● What you need to do: Retype word for word the stretch of entries below from the line that has "I also want" through the line that has "I'm using some", and omit the pictures.

(Stored data entries)
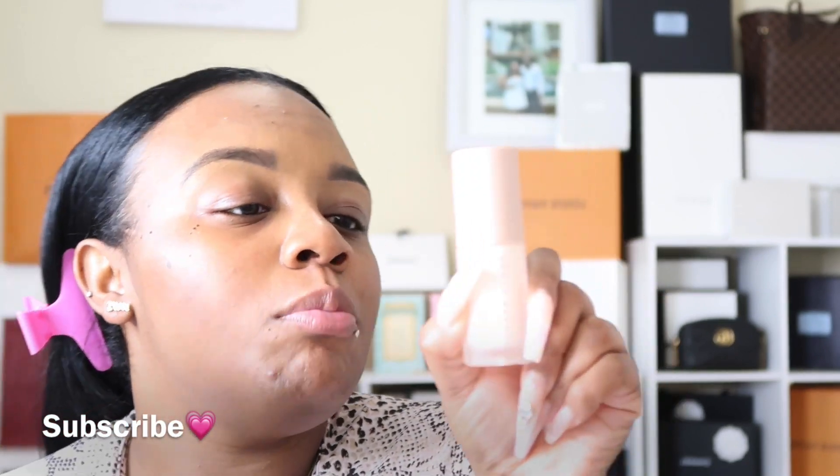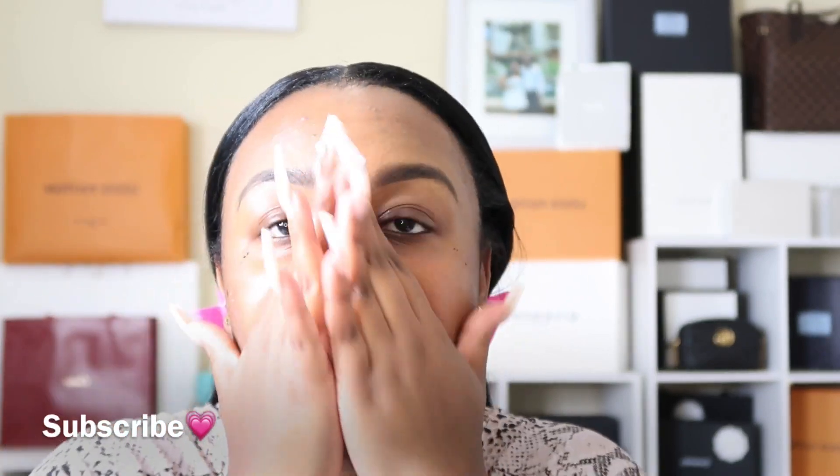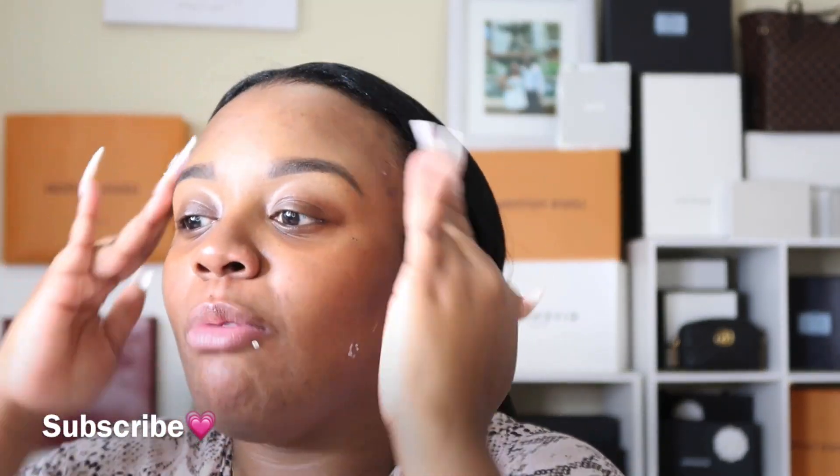Alright y'all, we are going to go ahead and get primed. This is going to be my summer glam summer makeup routine for oily skin. I am going to start out with the Pro Filter Instant Retouch Primer. I'm starting with this particular primer just because it works well for me and I really like it. I already moisturized with my Petal Potion from MBT Body Care — it'll be linked below.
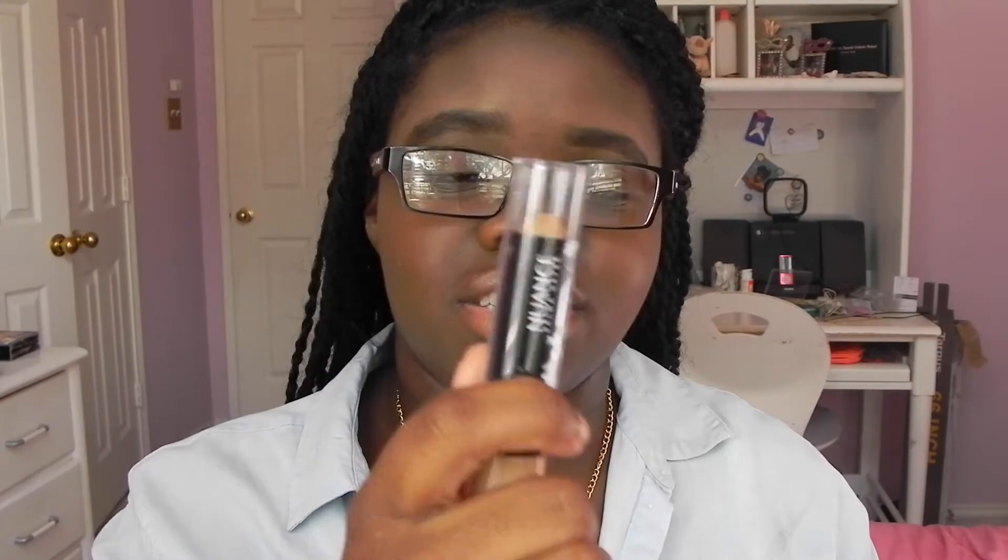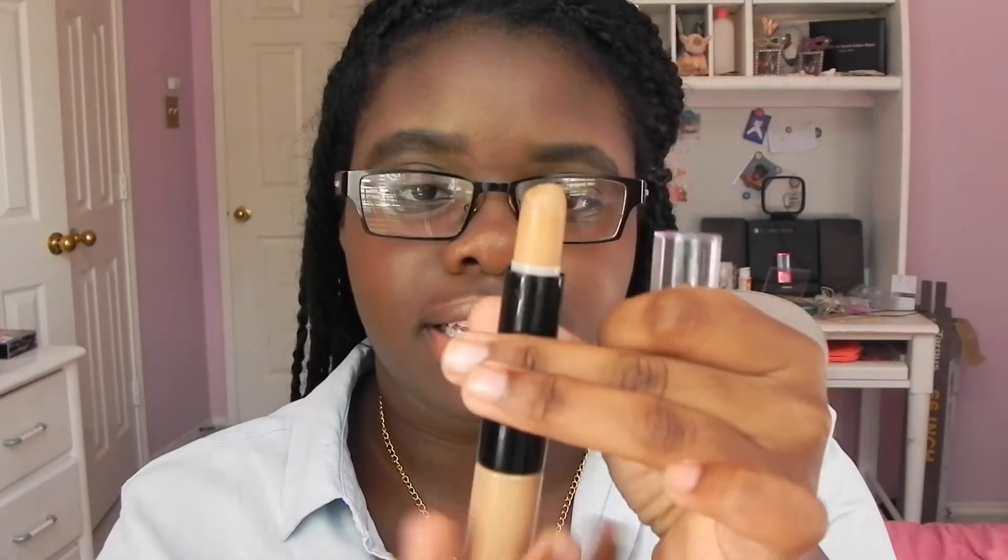Next thing I like to bring is my concealer. I use it to do my eyebrows — I don't use it to conceal under my eyes because it's a little bit too light for that. It's the Nuance Salma Hayek one and you can find it at CVS. It's really good — it's like a lip-gloss sticky formula and it gets the job done without being too pricey.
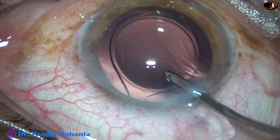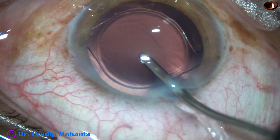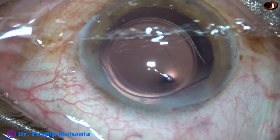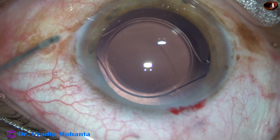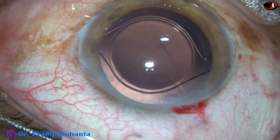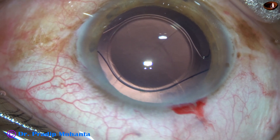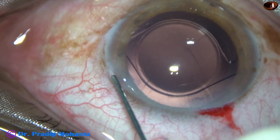The size of the wound is about 3 mm now. The capsule is overlapping in some areas; in some areas it is not overlapping. It doesn't matter at all — the haptics are in the bag.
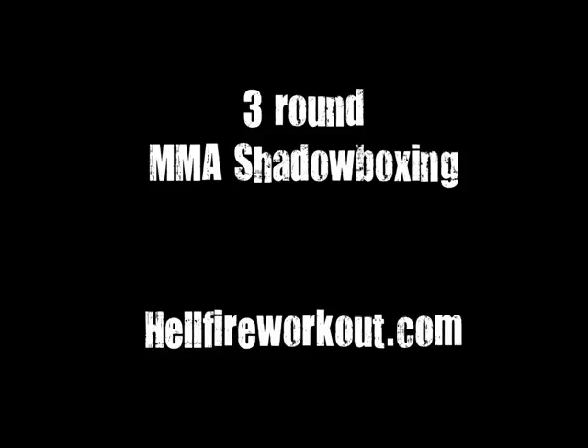Double jab, cross, jab. Rear uppercut. Jab, cross, jab, rear uppercut. Cross, rear uppercut. Double jab, cross, jab. Rear kick.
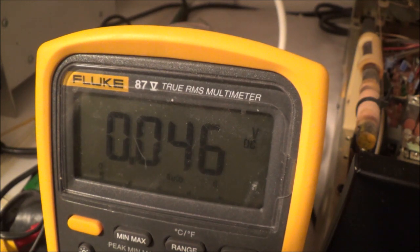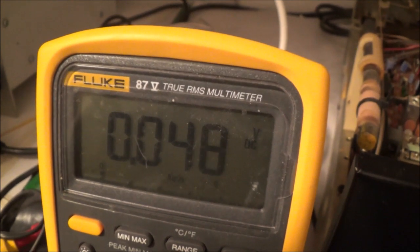I know there's a service menu for this unit where you can perform a DC offset adjustment along with a bias adjustment. The DC offset reading can be changed by swapping resistors for ones of different values. That said, everything seems to be okay, and the other channel is pretty low too, so so far so good.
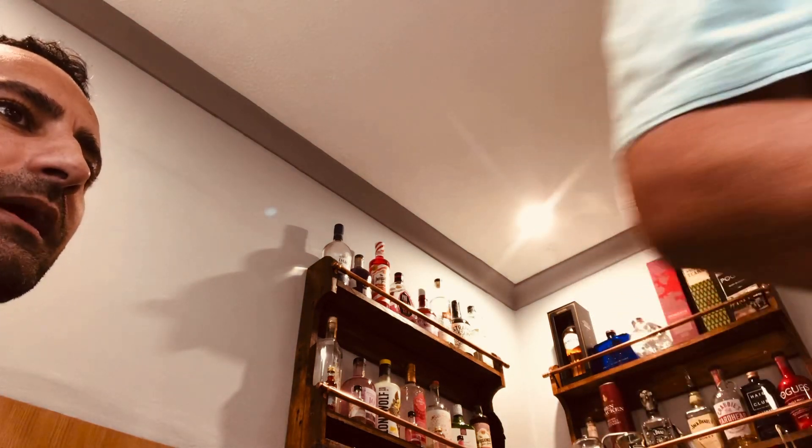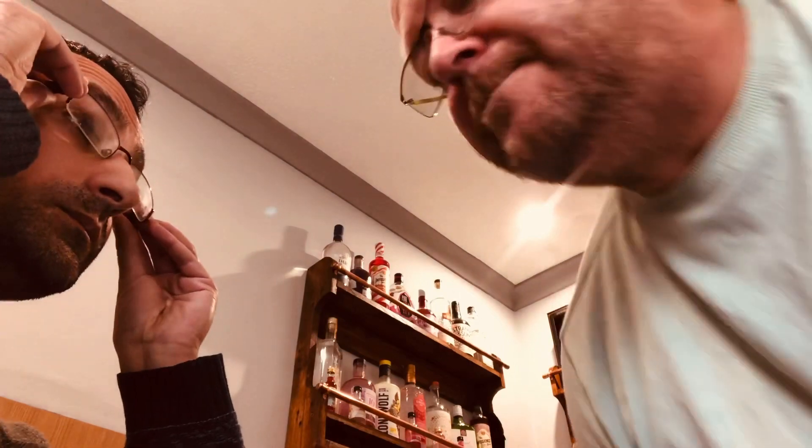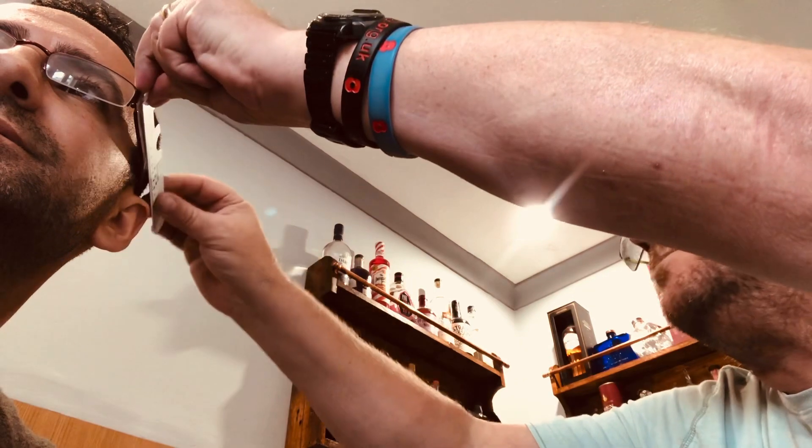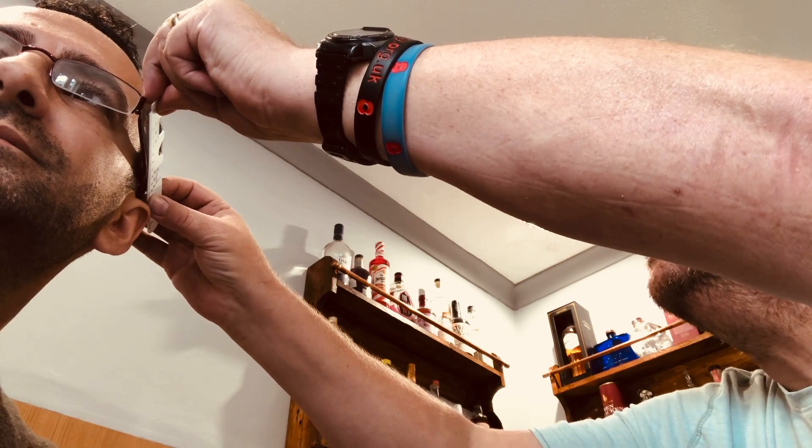I also want to measure the distance, so I'm going to pick up a pair of spectacles for you to put on, and I'm going to measure the distance of the length of the side to the back of your ear. This measurement is called the length to bend. I'm measuring not from the front of the frame, but to the end of the side, and your length to bend is 103 millimeters.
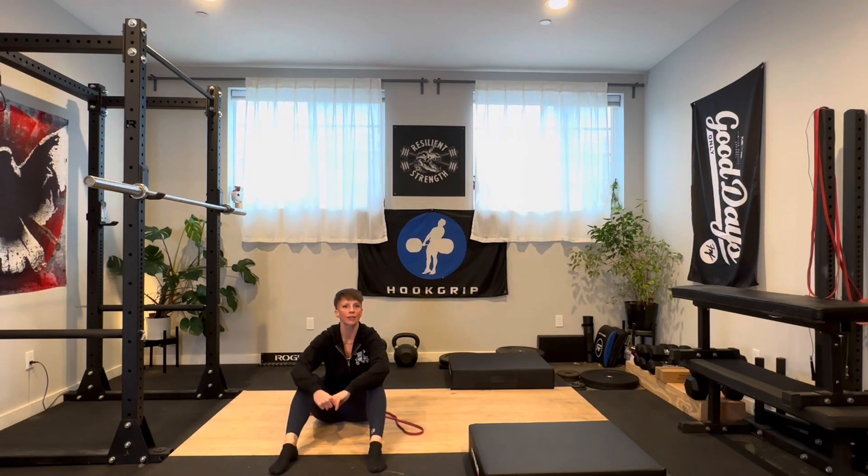But if you're feeling an emotional response, feel free to stay there. Maybe take the band off and just focus on that exhale until you're feeling good. Banded hip opener.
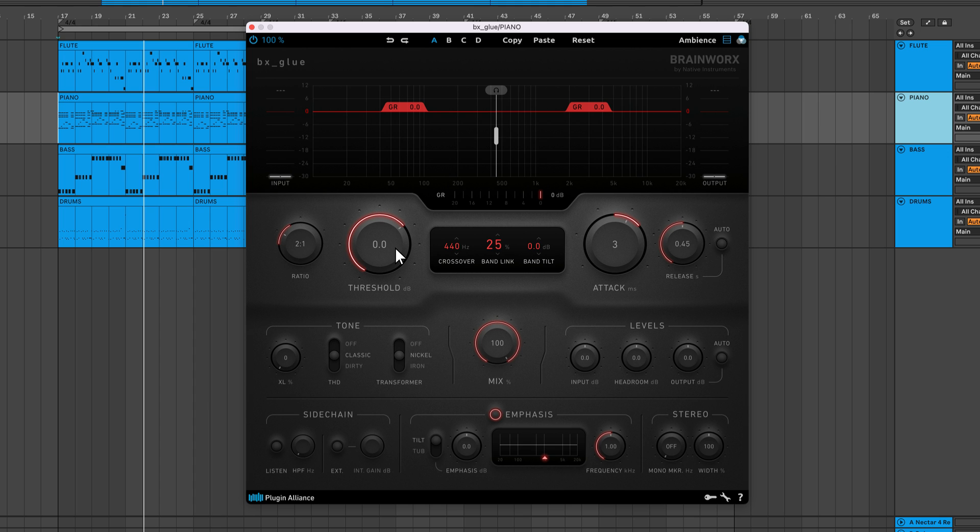The threshold sets the level at which gain reduction is applied. Dropping it lower will result in greater gain reduction. Ratio adjusts the intensity of the gain reduction applied.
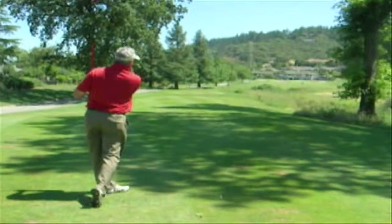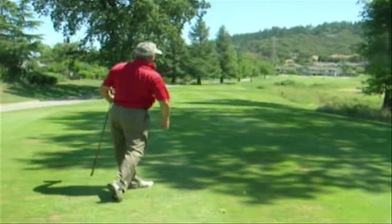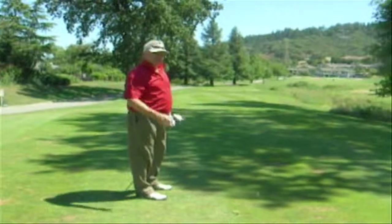As you can see, I finished with my hands fully on my left side, and that ball didn't cut more than five yards. Perfect shot.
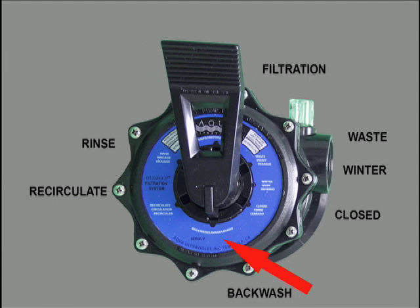In the backwash setting, the jet's cyclonic action cleans your filter, breaks apart the media bed, spinning the media, and flushing away the waste.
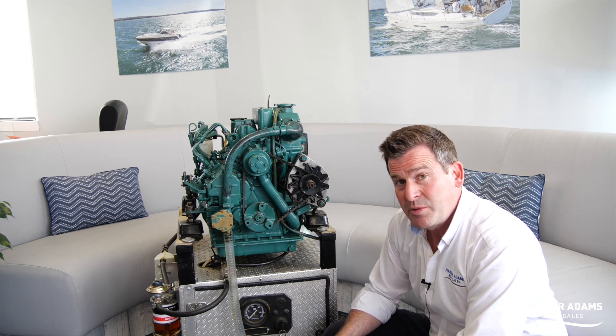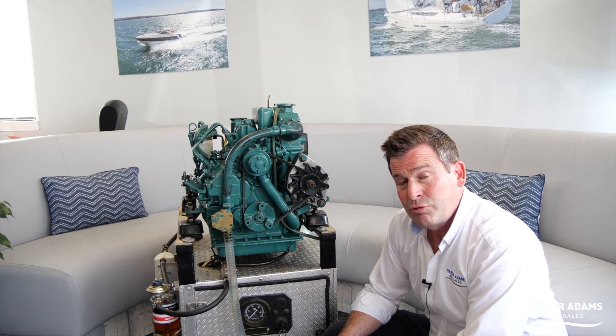Hi there, I'm Jonathan Parker from Parker Ames Boat Sales and today I'm going to show you another top tip around the engine. It's to do with the seawater pump and if you're getting water going through it or not sufficiently.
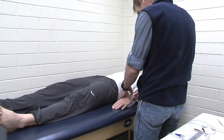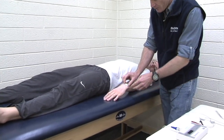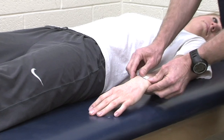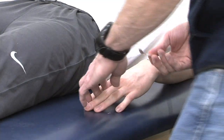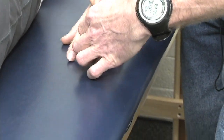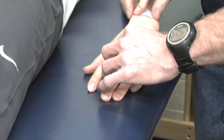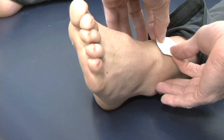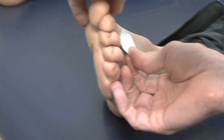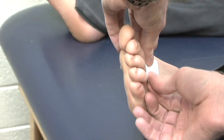I'm using some anatomical landmarks here, bisecting the styloid processes of the radius. And this one goes down on the proximal phalanx of the middle finger. Down here, I'm going to bisect the malleoli, and then we put this one down at the base of the toes.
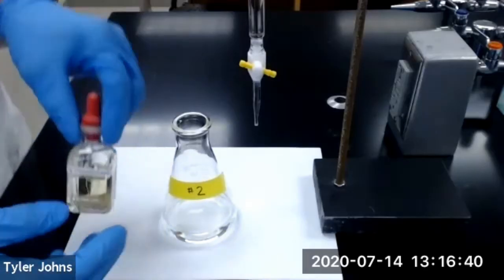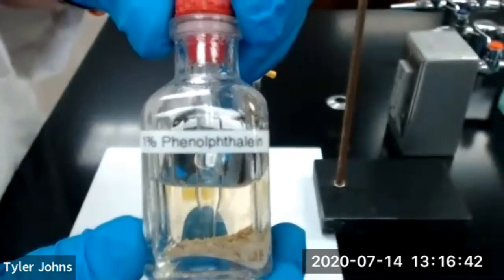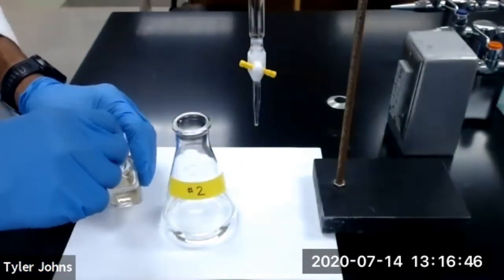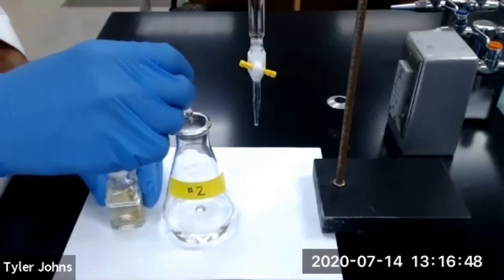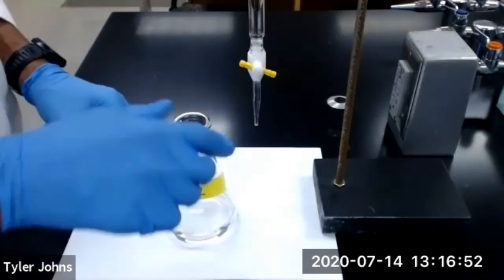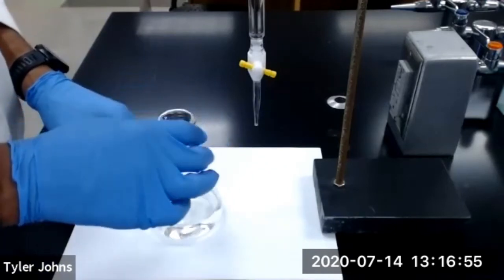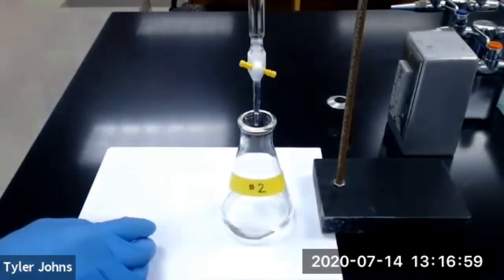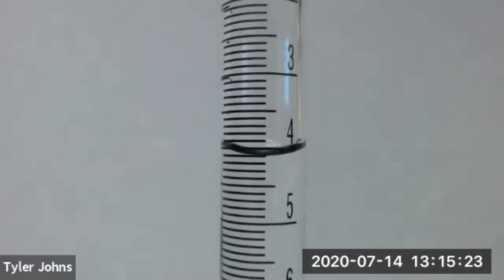We will now add three drops of our 1% phenolphthalein indicator to our second Erlenmeyer flask. We're now ready to begin titration of trial number two. This is the initial burette reading for trial number two.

● Answer to this exercise:
I also want to measure the distance, so I'm going to pick up a pair of spectacles for you to put on, and I'm going to measure the distance of the length of the side to the back of your ear. This measurement is called the length to bend. I'm measuring not from the front of the frame, but to the end of the side, and your length to bend is 103 millimeters.
But if you're feeling an emotional response, feel free to stay there. Maybe take the band off and just focus on that exhale until you're feeling good. Banded hip opener.
The threshold sets the level at which gain reduction is applied. Dropping it lower will result in greater gain reduction. Ratio adjusts the intensity of the gain reduction applied.
As you can see, I finished with my hands fully on my left side, and that ball didn't cut more than five yards. Perfect shot.
In the backwash setting, the jet's cyclonic action cleans your filter, breaks apart the media bed, spinning the media, and flushing away the waste.
Hi there, I'm Jonathan Parker from Parker Ames Boat Sales and today I'm going to show you another top tip around the engine. It's to do with the seawater pump and if you're getting water going through it or not sufficiently.
I'm using some anatomical landmarks here, bisecting the styloid processes of the radius. And this one goes down on the proximal phalanx of the middle finger. Down here, I'm going to bisect the malleoli, and then we put this one down at the base of the toes.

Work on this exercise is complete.